____ Extracted entries

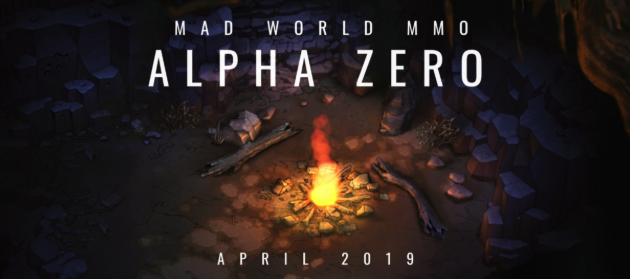 Альфа-тестирование Mad World начнется в апреле 2019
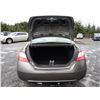 Image 52 : E2 --  2007 HONDA CIVIC LX , Grey, 273900 TMU KM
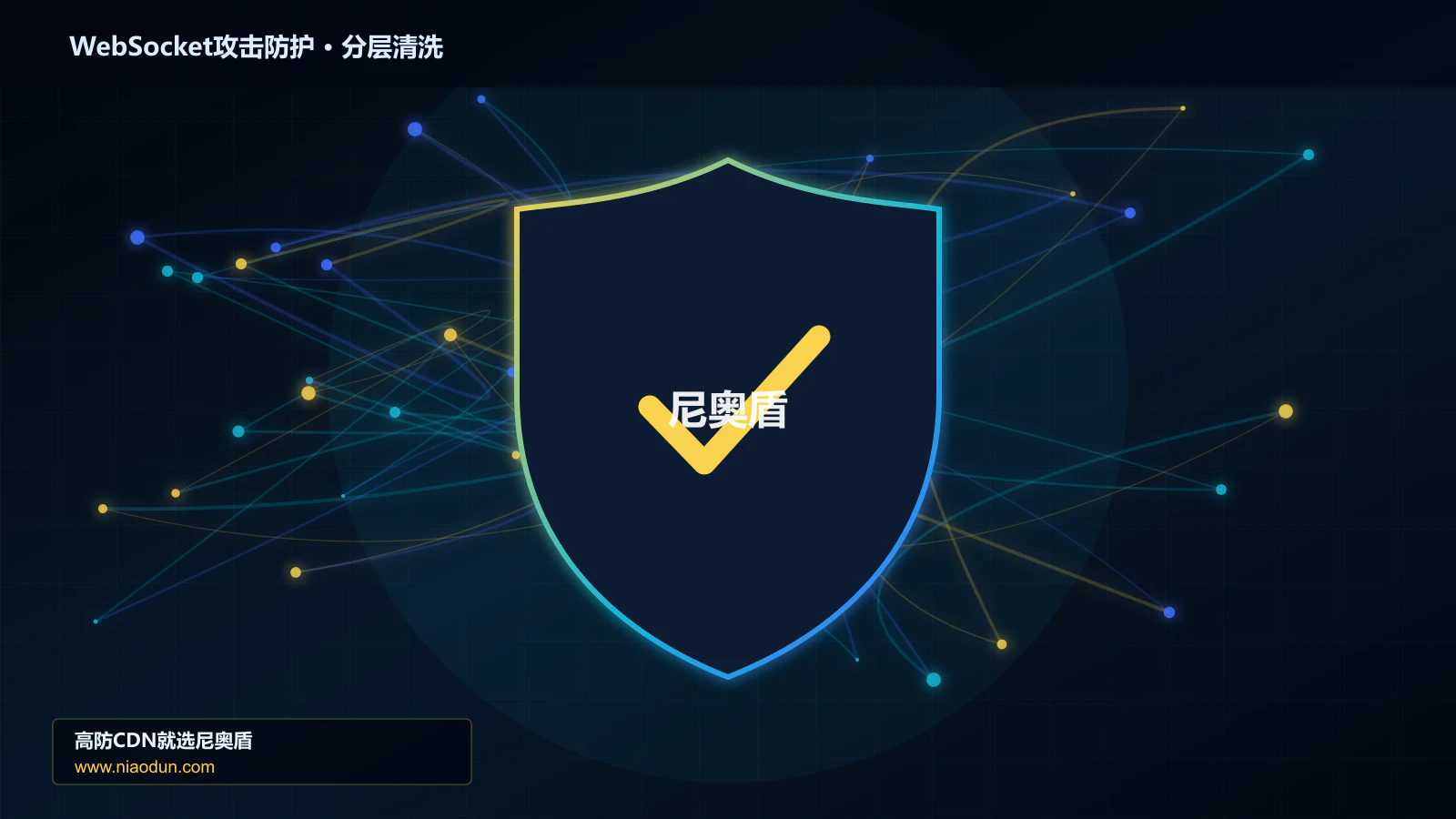 WebSocket攻击防护分层流量清洗架构图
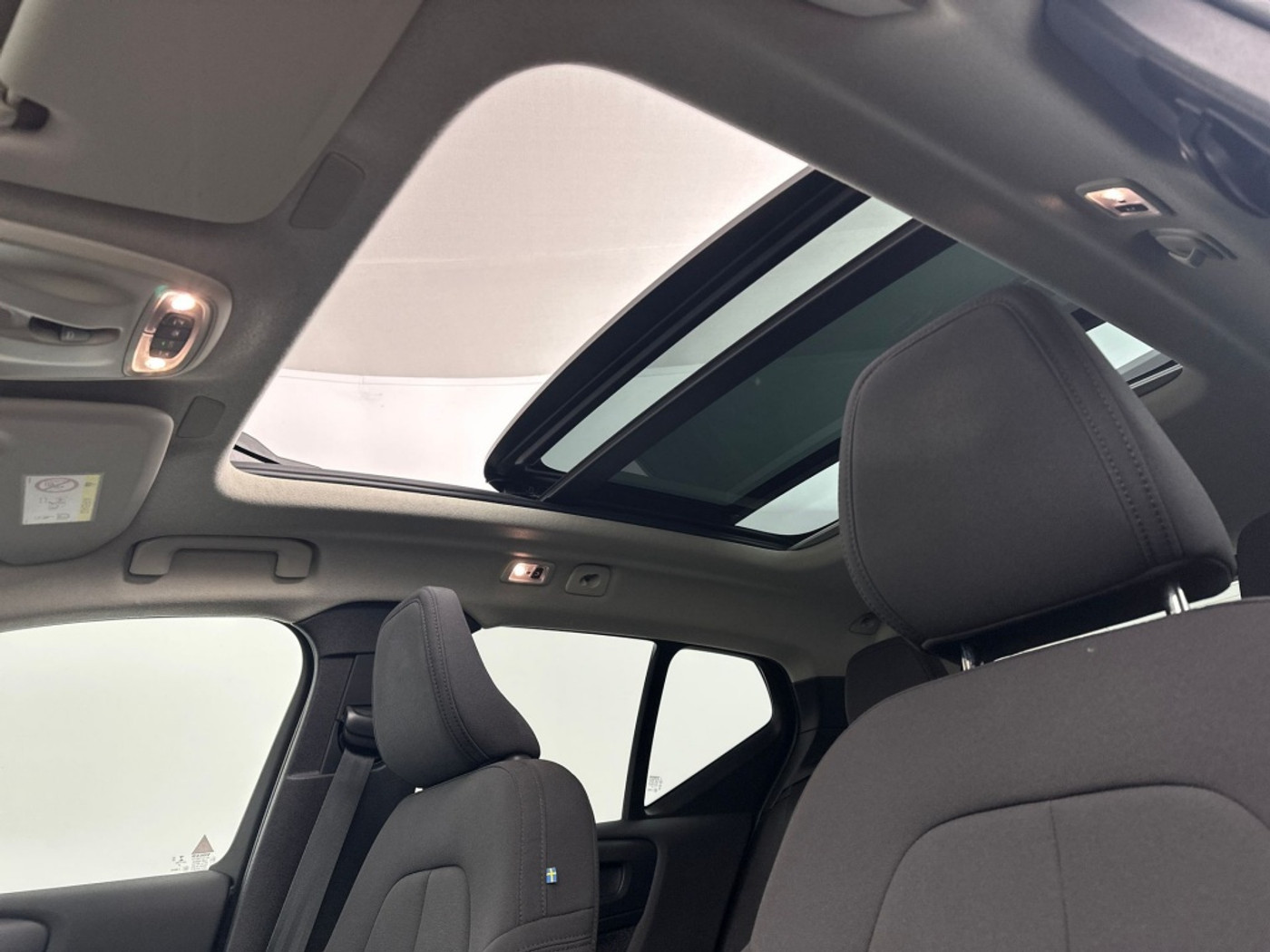 Foto van Volvo XC40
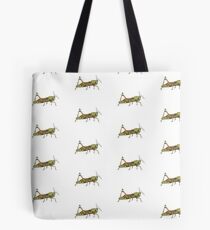 Lucky Cricket Tote Bag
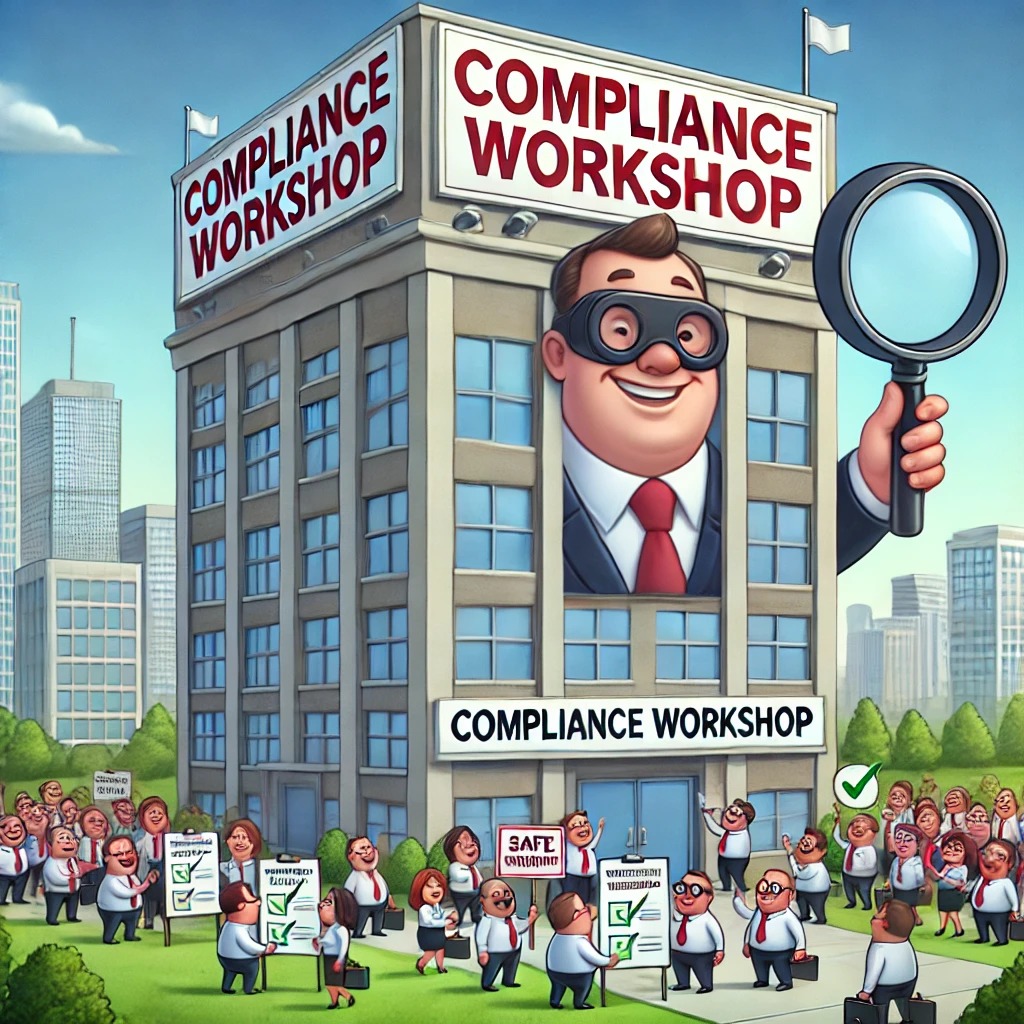 POSH Compliance Made Easy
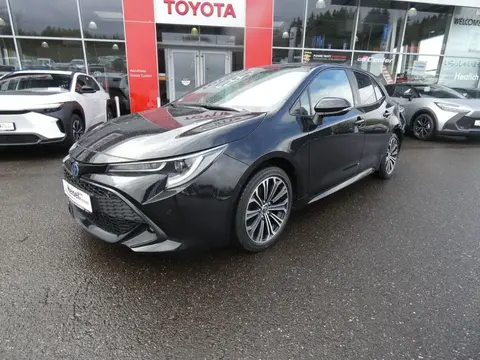 Annonce TOYOTA COROLLA Hybride 2022 d'occasion 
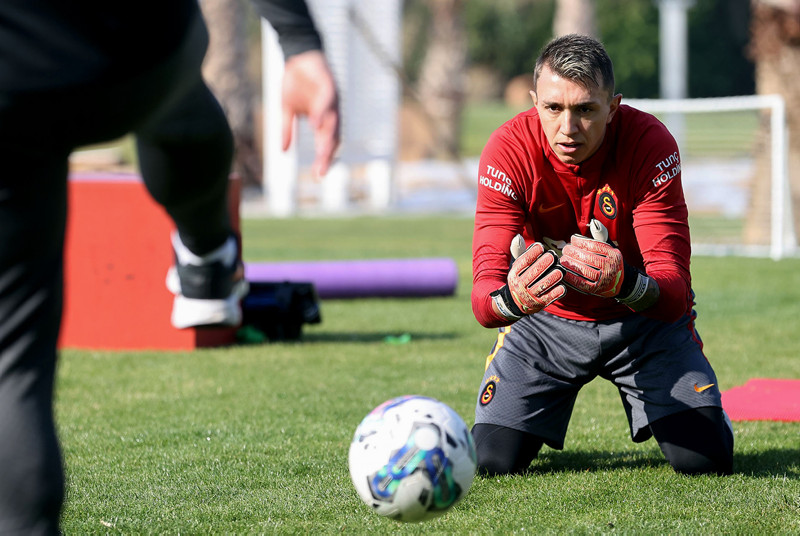 GALATASARAY HABERİ | Fernando Muslera’nın dönüş tarihi belli oldu! O maçta kalede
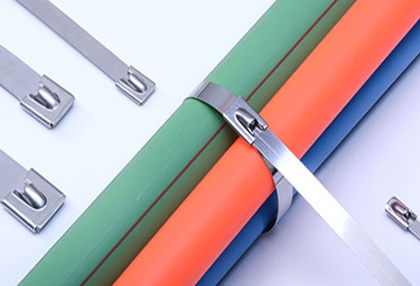 What key issues should be considered before using Stainless Steel Cable Ties?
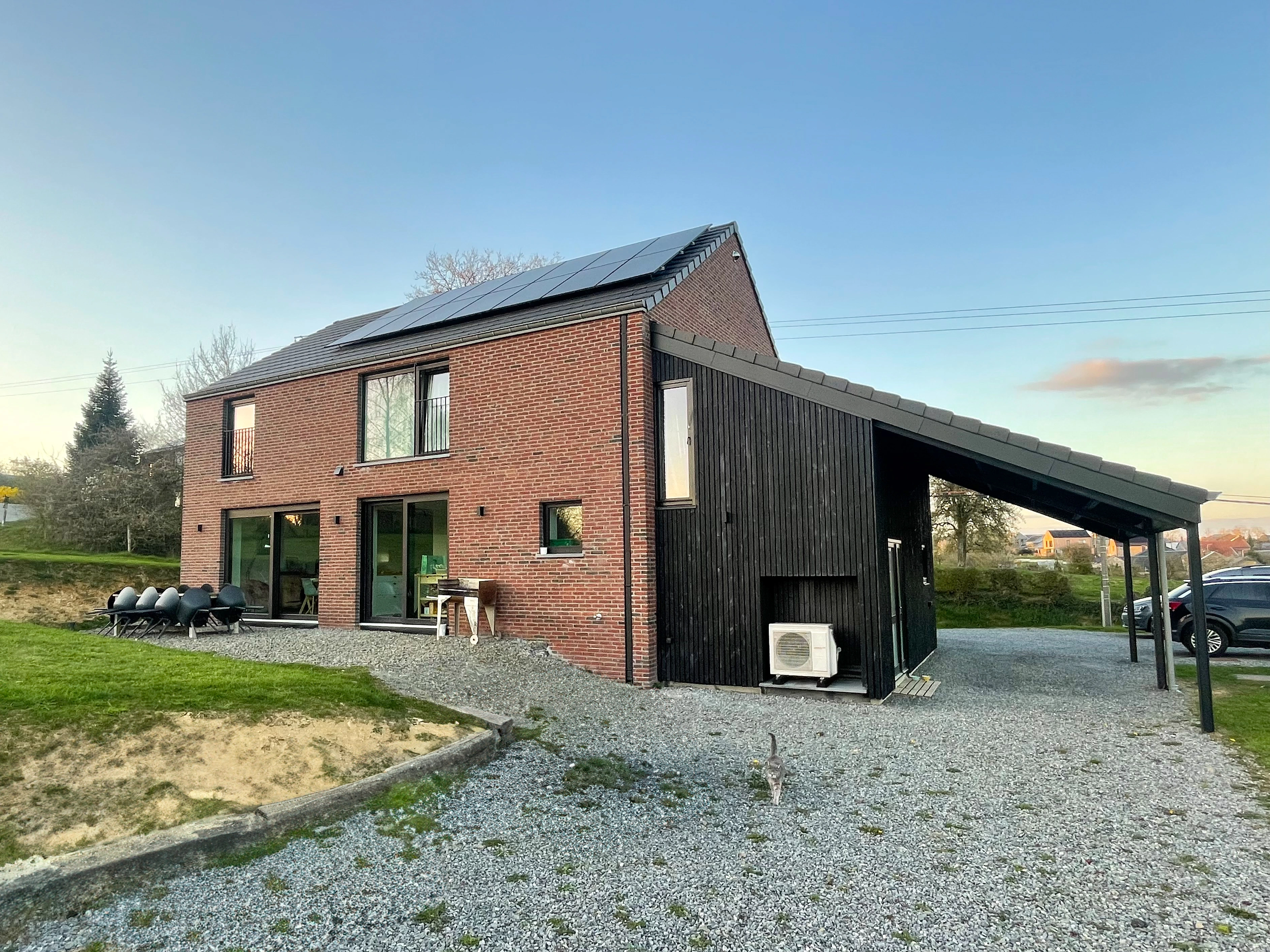 Autoconstruction : le témoignage d’Olivier, un projet de maison Gablok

________

> Your objective
The entries are to be written out in full and exactly, apart from the pictures.

> Answer box
 Альфа-тестирование Mad World начнется в апреле 2019
 Image 52 : E2 --  2007 HONDA CIVIC LX , Grey, 273900 TMU KM
 WebSocket攻击防护分层流量清洗架构图
 Foto van Volvo XC40
 Lucky Cricket Tote Bag
 POSH Compliance Made Easy
 Annonce TOYOTA COROLLA Hybride 2022 d'occasion 
 GALATASARAY HABERİ | Fernando Muslera’nın dönüş tarihi belli oldu! O maçta kalede
 What key issues should be considered before using Stainless Steel Cable Ties?
 Autoconstruction : le témoignage d’Olivier, un projet de maison Gablok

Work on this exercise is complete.